Fresh Gluten-Free Pasta

RATING: 3 out of 5 (tasted good but dough’s workability frustrating)

THE TEST: Prior to testing this recipe I had never attempted making gluten-free pasta from scratch. For some reason it always seemed too daunting, plus it’s just too easy to buy the Tinkyada dry pasta noodles at the grocery store, boil it and throw on some sauce…effortless dinner! But this winter I was all about the dough and thought that I was finally up for the challenge. Fresh wheat pasta is delicious and comforting so I was curious to see what gluten-free pasta made with my own two hands could yield.

Again the recipe was very simple; the only thing I needed to pick up was quinoa flour. The recipe calls for 6 eggs (well 2 whole eggs, and 4 egg yolks from large eggs – save the egg whites for the pizza dough). NOTE: Shauna and Daniel created this recipe through trial by error, testing more than 15 different recipes in search of the correct combination for this pasta recipe.

I felt this recipe was overly elastic and really tough to roll out.

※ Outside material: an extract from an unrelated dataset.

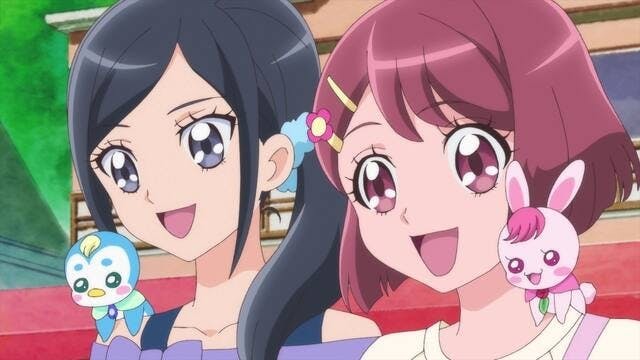 Healin' Good Precure - episódio 1x14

In fact, after three or four honest attempts at rolling it out only to have it fight me and bounce back to the smallest little circle of dough, I ended up rolling up the bowl of dough, wrapped it in plastic wrap and threw it in the freezer out of frustration.

THE RESULTS: After a few days – when my temper finally cooled off – I defrosted the pasta dough ball and to my surprise it was willing to be a bit more workable! I rolled it out into three separate balls. The first one I cut by hand into one-inch ribbons and threw in boiling water. The dough held together well and cooked up el dente in a few short minutes, and happily it stood up well under the traditional tomato sauce. I could imagine using this recipe with a nice cream based pasta sauce, or a simple olive oil, garlic and caper sauce as well. Yum.

I also used this dough to make ravioli (I made my own filling but there is a Smoked Duck Breast Ravioli recipe on page 130) however I found that the ravioli opened up and unleashed the filling once I placed them in the boiling water – even though I followed directions and pressed down and even tamped the edges with a fork. I will use this pasta recipe again as it did taste good, but I probably won’t use it for ravioli unless I buy a pasta machine that can enclose the ravioli pockets with a bit more force than I could do by hand.

Warm Rice Salad

RATING: 5 out of 5 (a bowl full of my favourite things!)

THE TEST: There is something undeniably satisfying about eating a salad in the winter months that is not comprised just of leafy lettuce. This recipe is full of hearty ingredients, including red rice, seeds, artichokes, avocados, wild mushrooms and tomatoes – all of my favorite things in one big bowl!

THE RESULTS: This salad is a great example of what I love about the recipes that Shauna has to offer in this book and on her blog; a rice salad re-invented. The flavors are warm, nutty, and savory, with a bit of tang from the wine vinegar & Dijon mustard dressing (she calls for champagne vinegar, but I just used regular wine vinegar). The recipe also calls for fresh artichokes but canned artichokes hearts (or bottoms) cut up in cubes work just as well. This recipe was so easy to throw together, and is a filling option to take for lunch or eat as a simple dinner served on its own or with barbecued chicken breasts. It would also pair perfectly with the Black Cod in Black Rice Flour recipe on page 215.